Martin-Delpierre's approach to documenting Daft Punk's career is conventional, mixing talking heads with archive material and clips from music videos, feature films and TV appearances. With a running time of only sixty minutes, Daft Punk Unchained at times feels a bit too whistle-stop to truly satisfy. Whilst some areas of the duo's career are covered in pleasing detail, the director breezes through others which feel as though they would have benefited a great deal from both more time and closer scrutiny. The recording and release of Daft Punk's third album, Human After All, for example, is given much shorter shrift than its two more critically acclaimed predecessors, Martin-Delpierre missing a golden opportunity to explore the reasons behind the album's comparatively rapid production time and Bangalter and de Homem-Christo's refusal to promote the finished product.
In the areas where Martin-Delpierre does go into more detail, Daft Punk Unchained is consistently successful, even if it rarely offers a great deal that dedicated Daft Punk fans won't already know. Aside from a short segment featuring Kanye West - which has an insincere feel not apparent elsewhere, as if the rapper agreed to take part entirely for self-promotional purposes - everything here feels worthy of inclusion. The contributors are both varied and credible, with recognisable and respected names such as Pete Tong, Michel Gondry and Nile Rogers helping Martin-Delpierre to paint a pleasing portrait of the duo. Daft Punk Unchained's most vibrant and engaging segment is a tie between coverage of Daft Punk's performance at Coachella festival in 2006 and their success at the 2014 Grammys, the latter concluding the film on an emotional high whilst the former is simply dazzling.

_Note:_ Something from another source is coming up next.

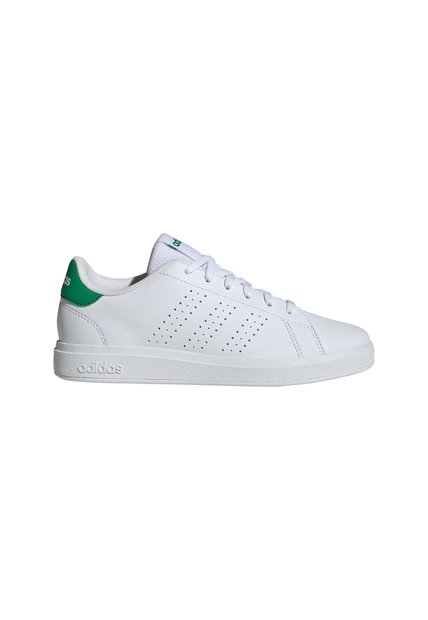 Tenis Blanco Adidas Advantage Base 2.0 Niños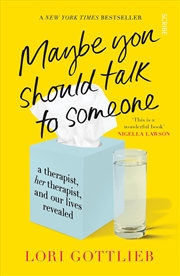 Buy Maybe You Should Talk to Someone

Perhaps most damaging to Daft Punk Unchained is the absence of any fresh contributions from Daft Punk themselves. Bangalter and de Homem-Christo's voices are regularly heard in radio interviews from over the years, but it's no substitute for what a sit-down interview with the duo would have added to Martin-Delpierre's film. It's somewhat ironic that, in a film which spends a considerable amount of time discussing Daft Punk's notorious aversion to publicity, the most significant stumbling block the director fails to overcome is securing any direct input from his subjects himself.
Daft Punk Unchained is available to watch free on BBC iPlayer until Sunday 20th March 2016.